Problem details: Give again the lines of the data from its first line through the line with "Frank Rice w his horse and a cactus 7388-13". Change nothing.

====== Given information ======

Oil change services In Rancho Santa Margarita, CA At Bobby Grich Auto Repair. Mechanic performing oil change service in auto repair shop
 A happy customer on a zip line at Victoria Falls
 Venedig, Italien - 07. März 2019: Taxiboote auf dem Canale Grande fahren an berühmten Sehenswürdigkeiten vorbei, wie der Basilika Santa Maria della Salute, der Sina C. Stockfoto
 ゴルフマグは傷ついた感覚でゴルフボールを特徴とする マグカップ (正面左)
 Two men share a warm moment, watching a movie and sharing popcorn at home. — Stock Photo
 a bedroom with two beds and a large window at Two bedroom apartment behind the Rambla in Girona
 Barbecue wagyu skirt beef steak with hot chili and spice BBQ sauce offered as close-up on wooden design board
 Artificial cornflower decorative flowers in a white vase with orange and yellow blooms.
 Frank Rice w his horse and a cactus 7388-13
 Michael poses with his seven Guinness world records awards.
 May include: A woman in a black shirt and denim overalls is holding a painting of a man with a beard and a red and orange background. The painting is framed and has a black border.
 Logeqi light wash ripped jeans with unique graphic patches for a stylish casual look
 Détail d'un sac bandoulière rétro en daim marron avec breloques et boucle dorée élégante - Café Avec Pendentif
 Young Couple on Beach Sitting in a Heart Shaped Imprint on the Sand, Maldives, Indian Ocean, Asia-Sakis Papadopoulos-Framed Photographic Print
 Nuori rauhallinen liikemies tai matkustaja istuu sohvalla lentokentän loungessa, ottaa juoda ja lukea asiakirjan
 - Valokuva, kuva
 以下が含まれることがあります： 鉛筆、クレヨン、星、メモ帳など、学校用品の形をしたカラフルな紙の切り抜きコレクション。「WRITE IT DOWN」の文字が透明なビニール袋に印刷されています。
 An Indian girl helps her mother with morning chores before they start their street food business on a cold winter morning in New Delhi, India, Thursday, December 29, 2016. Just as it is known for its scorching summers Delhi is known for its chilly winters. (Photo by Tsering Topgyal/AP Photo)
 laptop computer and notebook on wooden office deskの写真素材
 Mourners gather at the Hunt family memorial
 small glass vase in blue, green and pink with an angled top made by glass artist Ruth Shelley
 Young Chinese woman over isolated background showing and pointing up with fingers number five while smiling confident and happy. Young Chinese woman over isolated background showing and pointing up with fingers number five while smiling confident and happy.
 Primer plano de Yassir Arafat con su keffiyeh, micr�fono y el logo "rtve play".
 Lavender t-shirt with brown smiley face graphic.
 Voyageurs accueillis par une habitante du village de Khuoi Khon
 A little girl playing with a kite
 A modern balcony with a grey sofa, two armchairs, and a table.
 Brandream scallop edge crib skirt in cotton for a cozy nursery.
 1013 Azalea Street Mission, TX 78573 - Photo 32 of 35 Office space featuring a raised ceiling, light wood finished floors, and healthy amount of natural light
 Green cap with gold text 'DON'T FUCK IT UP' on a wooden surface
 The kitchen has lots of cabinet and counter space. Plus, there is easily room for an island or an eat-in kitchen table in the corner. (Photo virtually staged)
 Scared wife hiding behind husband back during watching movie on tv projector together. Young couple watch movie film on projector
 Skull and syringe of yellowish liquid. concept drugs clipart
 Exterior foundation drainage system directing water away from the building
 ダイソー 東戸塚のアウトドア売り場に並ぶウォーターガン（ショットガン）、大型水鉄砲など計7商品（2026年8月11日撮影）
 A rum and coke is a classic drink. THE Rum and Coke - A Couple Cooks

======

Expected output:
Oil change services In Rancho Santa Margarita, CA At Bobby Grich Auto Repair. Mechanic performing oil change service in auto repair shop
 A happy customer on a zip line at Victoria Falls
 Venedig, Italien - 07. März 2019: Taxiboote auf dem Canale Grande fahren an berühmten Sehenswürdigkeiten vorbei, wie der Basilika Santa Maria della Salute, der Sina C. Stockfoto
 ゴルフマグは傷ついた感覚でゴルフボールを特徴とする マグカップ (正面左)
 Two men share a warm moment, watching a movie and sharing popcorn at home. — Stock Photo
 a bedroom with two beds and a large window at Two bedroom apartment behind the Rambla in Girona
 Barbecue wagyu skirt beef steak with hot chili and spice BBQ sauce offered as close-up on wooden design board
 Artificial cornflower decorative flowers in a white vase with orange and yellow blooms.
 Frank Rice w his horse and a cactus 7388-13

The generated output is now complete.